START SUPPLIED DATA

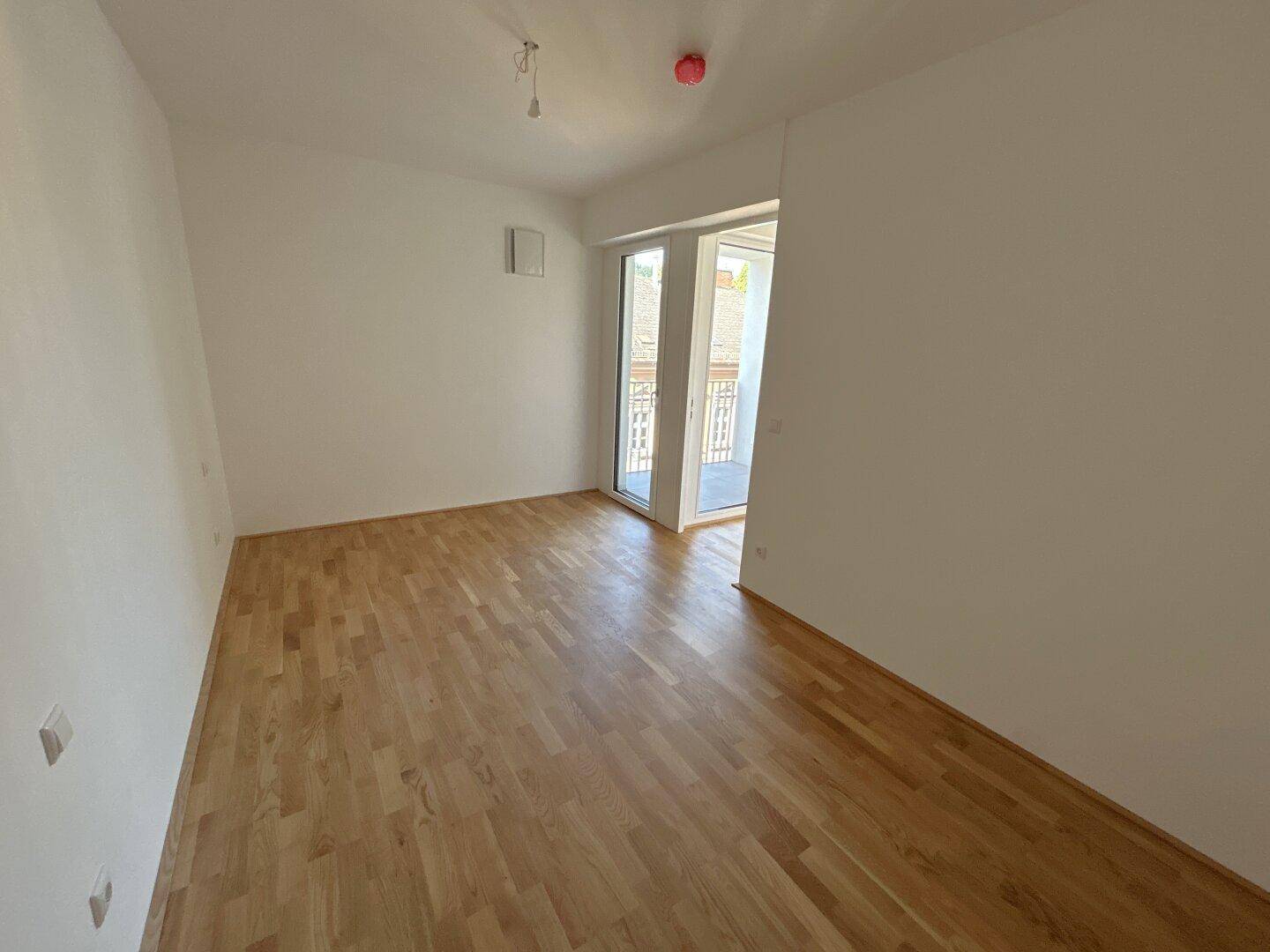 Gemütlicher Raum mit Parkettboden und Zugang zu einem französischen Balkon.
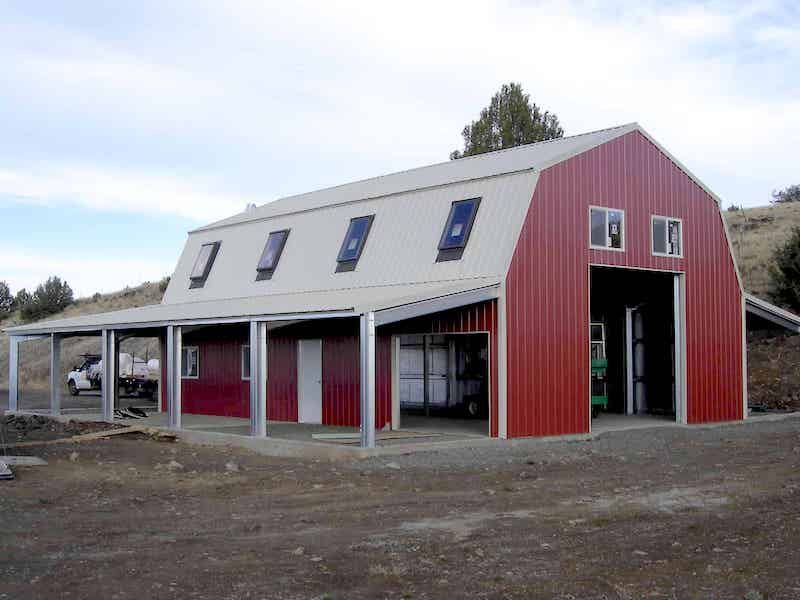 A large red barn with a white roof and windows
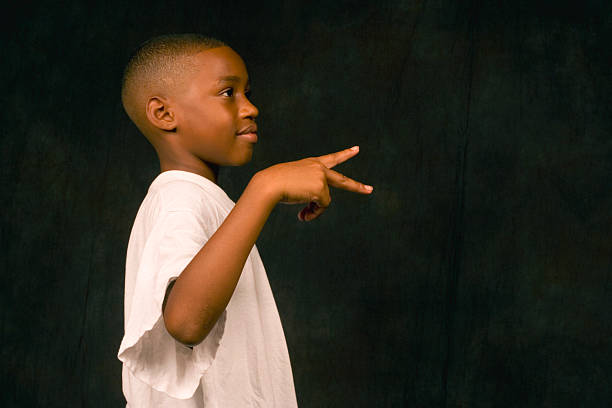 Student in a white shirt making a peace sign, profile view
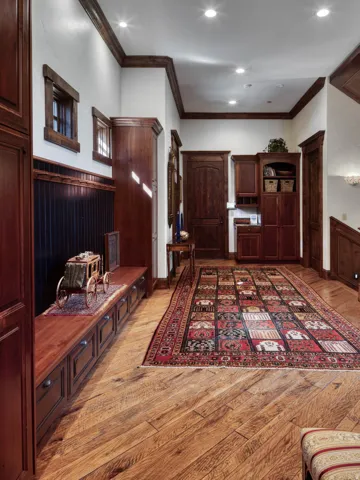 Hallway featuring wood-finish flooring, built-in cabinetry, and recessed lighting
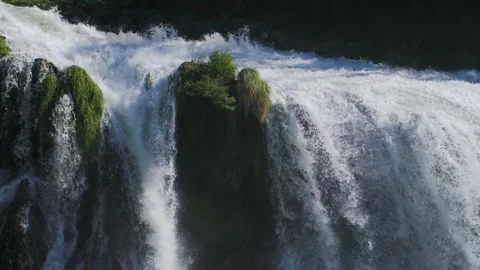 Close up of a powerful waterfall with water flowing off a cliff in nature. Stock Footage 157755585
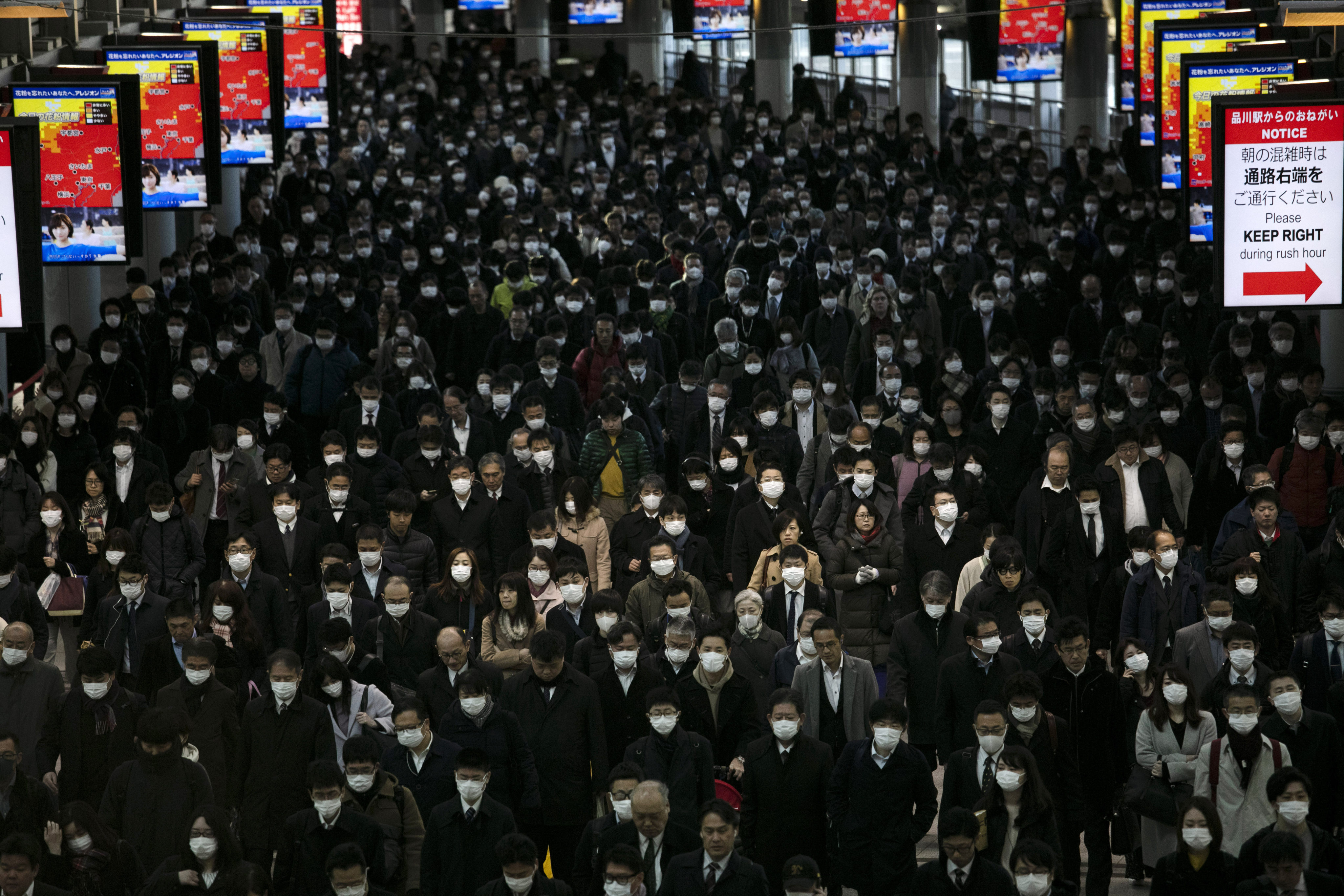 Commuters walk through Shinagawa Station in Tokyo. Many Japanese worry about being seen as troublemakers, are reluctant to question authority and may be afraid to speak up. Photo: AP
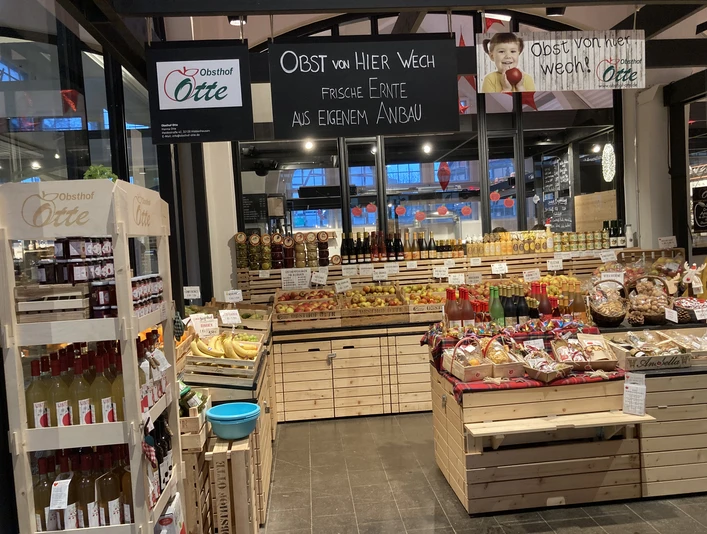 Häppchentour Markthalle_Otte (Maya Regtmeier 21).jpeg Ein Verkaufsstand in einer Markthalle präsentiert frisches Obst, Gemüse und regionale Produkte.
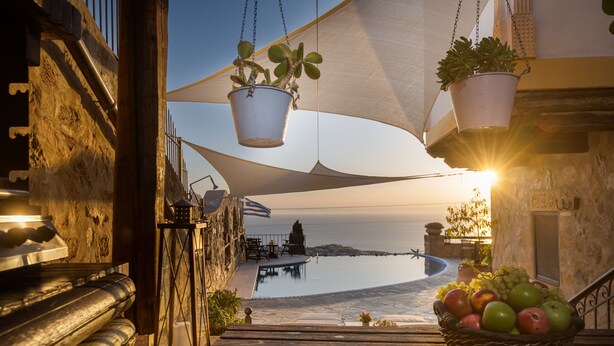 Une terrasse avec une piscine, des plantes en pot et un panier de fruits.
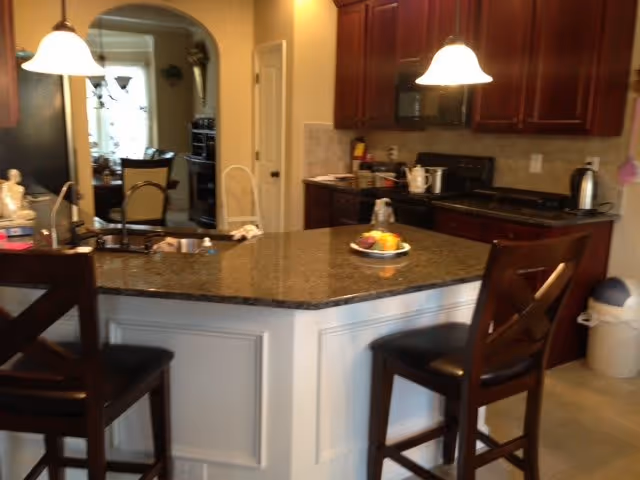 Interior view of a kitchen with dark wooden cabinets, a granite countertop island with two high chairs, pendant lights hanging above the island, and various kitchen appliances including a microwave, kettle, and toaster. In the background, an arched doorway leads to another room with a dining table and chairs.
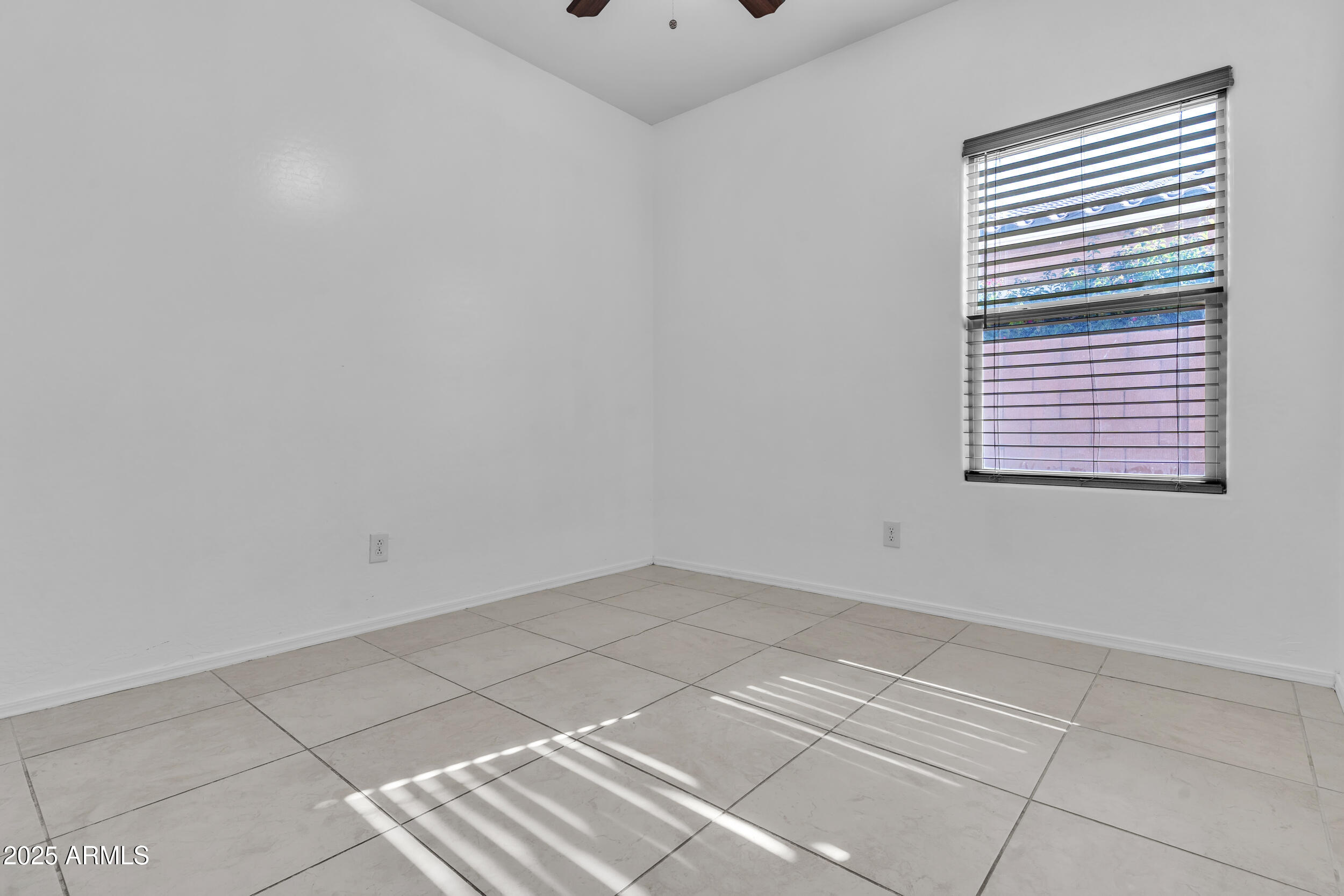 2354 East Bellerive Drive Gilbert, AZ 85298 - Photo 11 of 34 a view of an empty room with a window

END SUPPLIED DATA

◆ **WORK REQUIRED**:
Reproduce word for word the lines running from the line with "Une terrasse avec" through the end of the data, both included, and nothing else; leave out the pictures.

◆ **THE ANSWER**:
 Une terrasse avec une piscine, des plantes en pot et un panier de fruits.
 Interior view of a kitchen with dark wooden cabinets, a granite countertop island with two high chairs, pendant lights hanging above the island, and various kitchen appliances including a microwave, kettle, and toaster. In the background, an arched doorway leads to another room with a dining table and chairs.
 2354 East Bellerive Drive Gilbert, AZ 85298 - Photo 11 of 34 a view of an empty room with a window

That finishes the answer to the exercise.